CMSC 110 (Introduction to Computing)
Spring 2011
Assignment#6
Due
before start of class on Thursday, April
12, 2011
Due before start of
class on Thursday, April
14, 2011
Task: Design and implement an animated pseudo
three-dimensional scene. Create a sense of depth by reducing the
size and linear velocity of objects that are farther away from the
viewer.
Encapsulate all graphic objects in a custom class of your own design
with a method that draws the object on the sketch. The drawing
functions in your object's draw method must render your object at a
fixed location. Do not move or size your object by changing the
parameter values of your object's drawing functions. All object
animation must be generated by scaling, translating, and rotating the
coordinate system prior to drawing each object.

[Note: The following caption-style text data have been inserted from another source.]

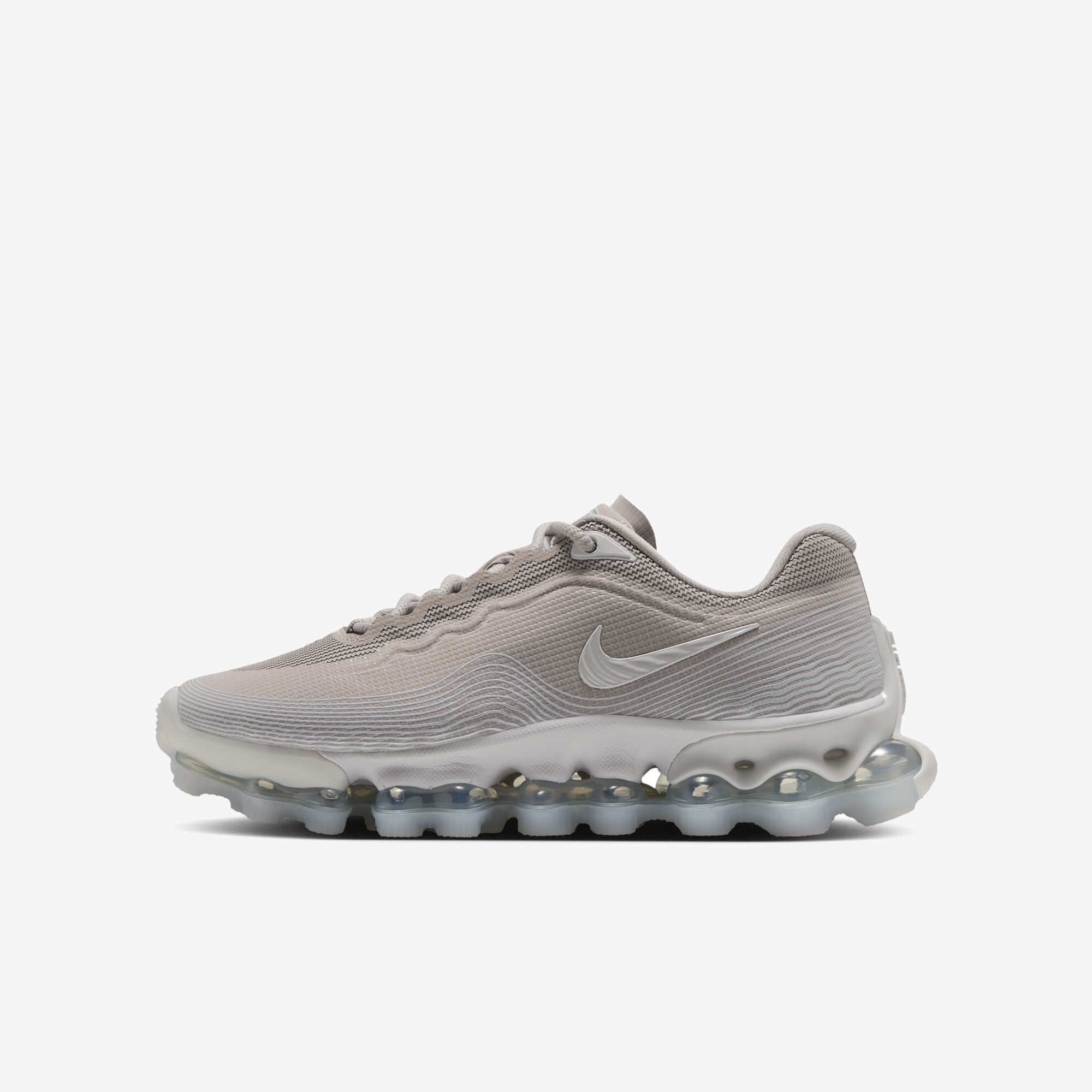 Nike Air Liquid Max image number 0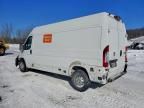 2024 Dodge RAM Promaster 2500 Delivery Van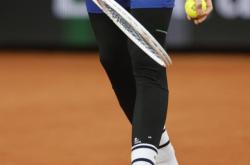 开云平台-温网力克法网，梅德韦杰夫刷新纪录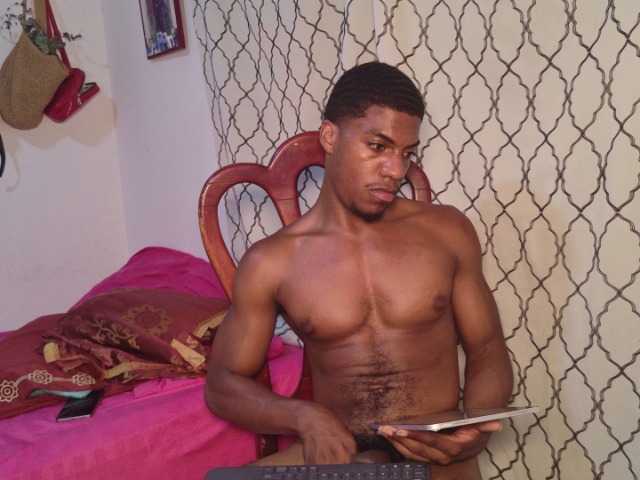 sugarbaby2310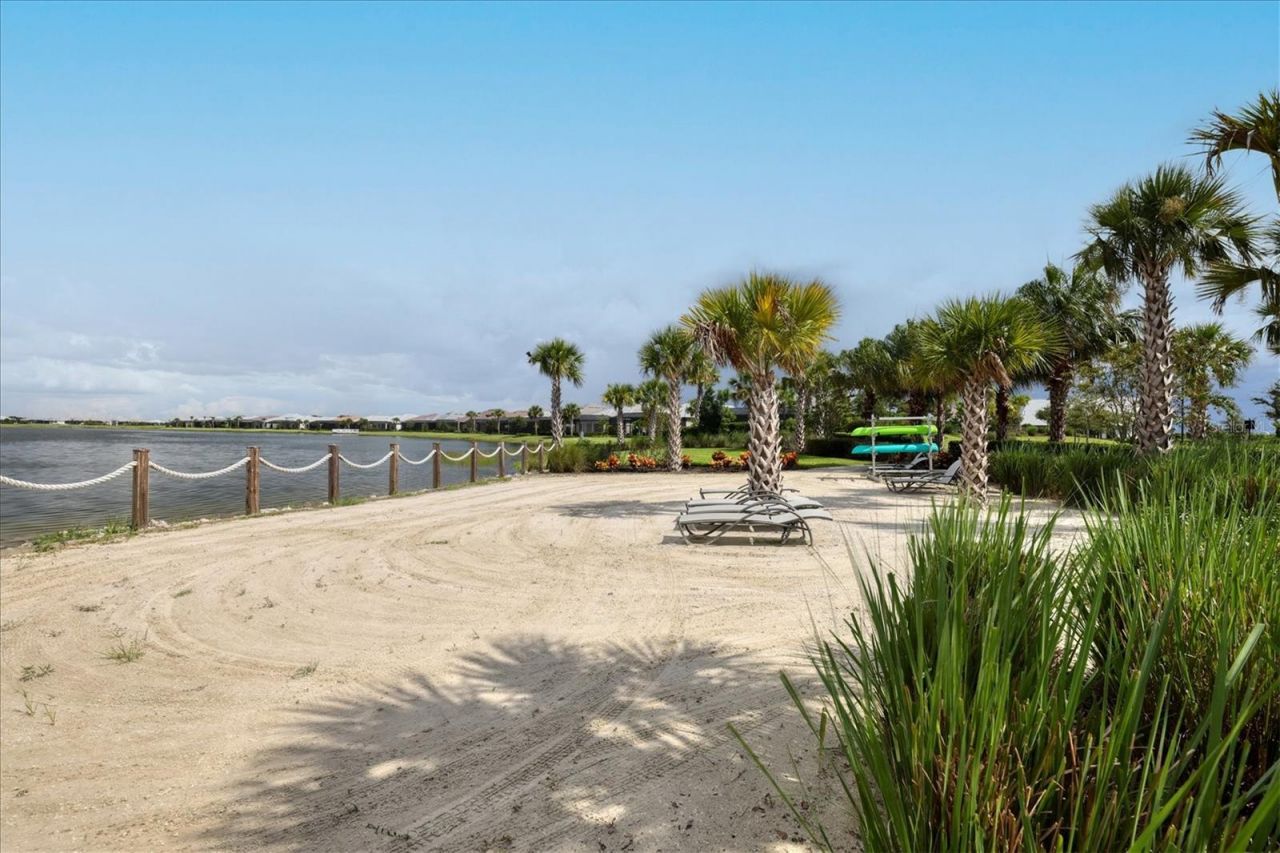 7789 Mainsail Lane, Sarasota, FL 34240 Photo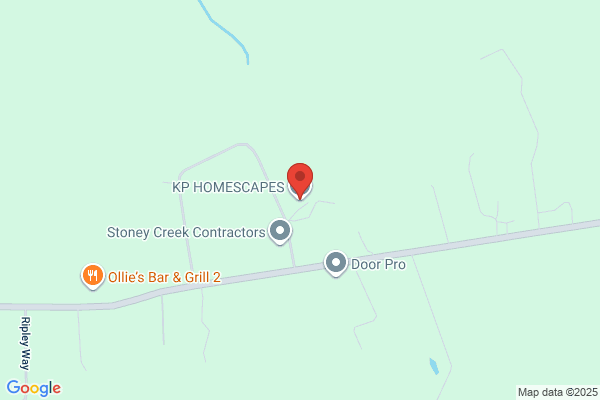 KP Contracting, LLC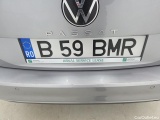  Volkswagen  Passat Var.Comfortline 2.0 TDI DSG 150 CP #10
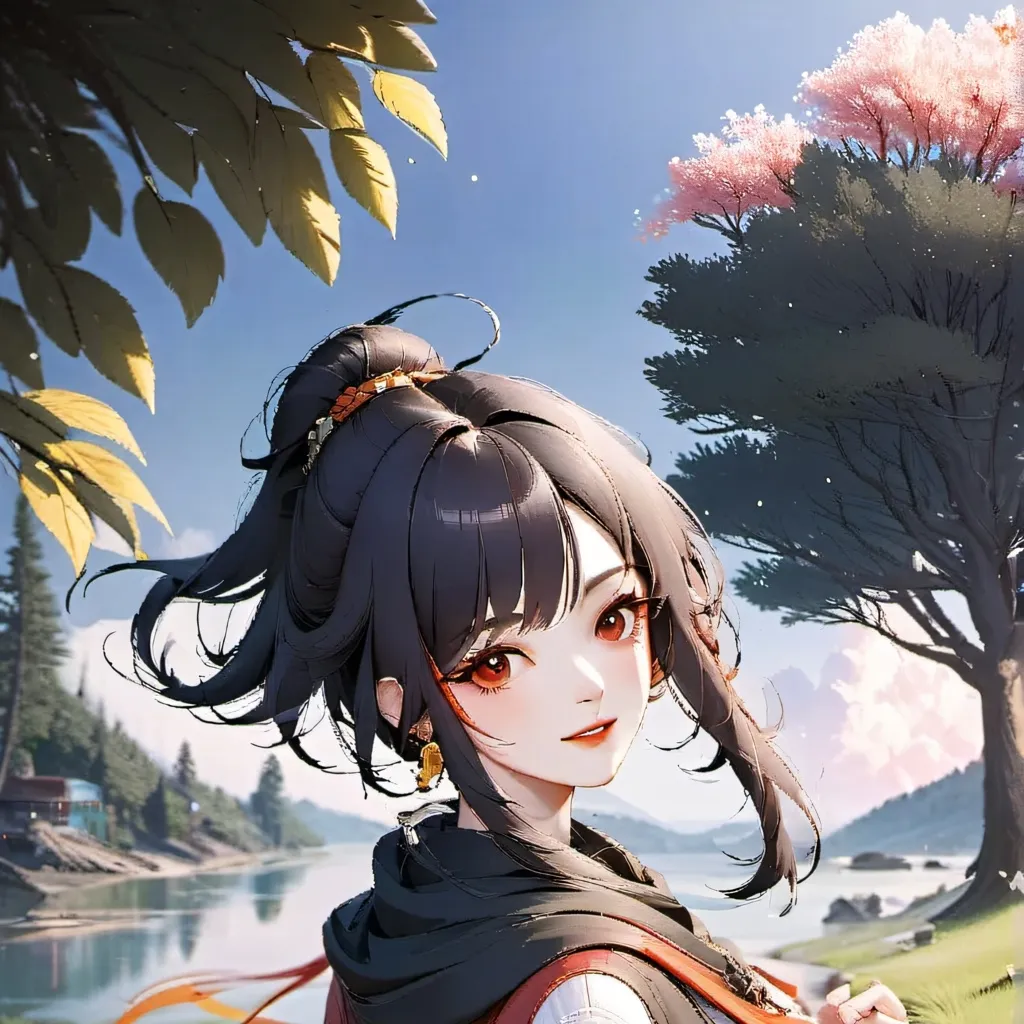 chat with ai character: Nova pesadilla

Your sketch must include examples of all three transformations:
scale, translate, and rotate.
Here are some ideas to get you started:
- A long hallway filled with bouncing and rotating balls. The
farther a ball is from the viewer, the smaller it appears and the
slower it bounces.
- A birdseye view of leaves falling from a tree. Leaves fall to
ground, rotating and getting smaller as they fall.
- A scene on a moon of Saturn where extraterrestrial insects with
rotating propellers race across a lake of methane. The farther the
insect is from the viewer, the smaller it appears and the slower it
moves.
- A large rotating whirlpool that swallows anything dropped into
it. Objects start by slowly rotating about the center of the whirlpool
at a large radius, but increasingly speed up and shrink in size as the
they get closer to the center of the whirlpool, before being swallowed
up entirely.
What to Hand in:
- Copy the entire sketch folder to your Dropbox folder.
- Make sure to name the sketch file/folder properly.
- Include the standard header in your source code.
- Write a paragraph/description and include it in the header of the
main source code file for your sketch.
- Comment your code liberally with meaningful statements that help
explain what your code is doing.
Hints:
- Keep it simple at first. Start with something basic, get it
working, and then build upon it piece by piece, each time ensuring it
is working before you move on to the next piece.
- Start with a hand-drawing of what you want.
- START EARLY!!! I cannot emphasize this enough.